Lord Mayor of London Fiona Woolf (second from left) meets REE Corporation CEO Nguyen Thi Mai Thanh, one of Vietnam's most famous businesswomen.
Lord Mayor of London Fiona Woolf (second from left) meets REE Corporation CEO Nguyen Thi Mai Thanh, one of Vietnam's most famous businesswomen.

Vietnam has joined a global business network in a push to boost the number of women in its corporate boardrooms.

Female executives, along with UK officials and a headhunting firm, gathered here last week to launch the Vietnam branch of the Inspire network. The business forum connects women across nine countries through “networking events, coaching and peer-to-peer support,” according to Inspire’s brochure.

“I think access to this network will help Vietnamese women gain experience,” said Nguyen Thi Hong, vice chair of the Ho Chi Minh City People’s Committee and one of the country’s more prominent female leaders.

Inspire aims to increase women’s participation at the executive level by 5 percentage points in five years, said Truong Hong Tam, who directs the Vietnam operations of Harvey Nash, the recruitment firm that founded the Inspire network.

Vietnamese women occupy 33 percent of senior management jobs and 30 percent of board posts, business advisory Grant Thornton wrote in a 2013 report.

“This number needs to be higher,” said Nguyen Thi Mai Thanh, chair and CEO of REE Corporation. Thanh is one of the most famous women executives in Vietnam.

She was speaking at the Inspire launch, which was timed with a visit by Fiona Woolf, the lord mayor of London, a ceremonial role that involves traveling to promote trade.

As an Inspire board advisor, Woolf helped kick off the Vietnam chapter with representatives from the UK consulate. Woolf is the second woman to become lord mayor of London, and she uses her visibility to support gender equality.

“If everybody in the workplace comes from the same background, where are the new ideas going to come from?” she said in a speech.

Kirti Lad directs Harvey Nash’s Hong Kong office and coordinates Inspire events there. She said the meetings let CEOs and board members “share war stories” and learn from one another’s mistakes.

Lad and Tam agreed governments should get involved to establish quotas for female executives, as some European countries do.

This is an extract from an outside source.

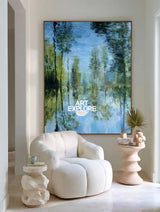 Large Vertical Blue Green Texture Painting – Modern Minimalist Wall Art by ArtExplore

“In Asia, there’s no quota system, there are targets,” Lad said. “It’s an aspirational number to achieve.”

But she added that Hong Kong uses a “comply or explain” approach, so that companies that don’t have a certain gender balance are held accountable.

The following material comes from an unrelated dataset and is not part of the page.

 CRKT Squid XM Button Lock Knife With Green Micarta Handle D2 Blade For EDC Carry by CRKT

Mai Thanh also would like to see a quota in place. After studying engineering in East Germany, she joined REE, a major state-owned enterprise that makes refrigerators and other appliances, where her 30-year tenure was seen as a pioneering example for businesswomen. On Monday, she said much work remains to be done.

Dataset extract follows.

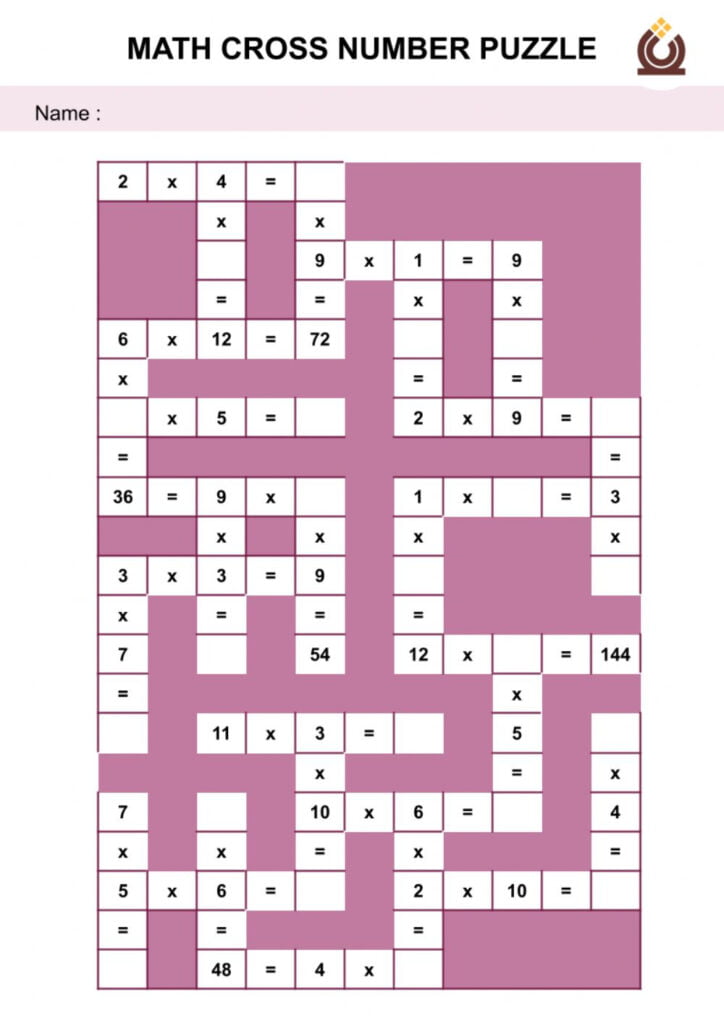 Crossword Math Worksheet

“Gender bias still exists in Vietnamese society,” she said.

As Mai Thanh prepares to retire, she said is preoccupied with the next generation of female leaders who will succeed her. In addition to the corporate gender gap, women make up less than 10 percent of leadership roles in government.

“In business, leaders still prioritize their sons in passing on their business,” she said. “Men still dominate most, if not all, government ministries, and the chance for women to get promoted is small.”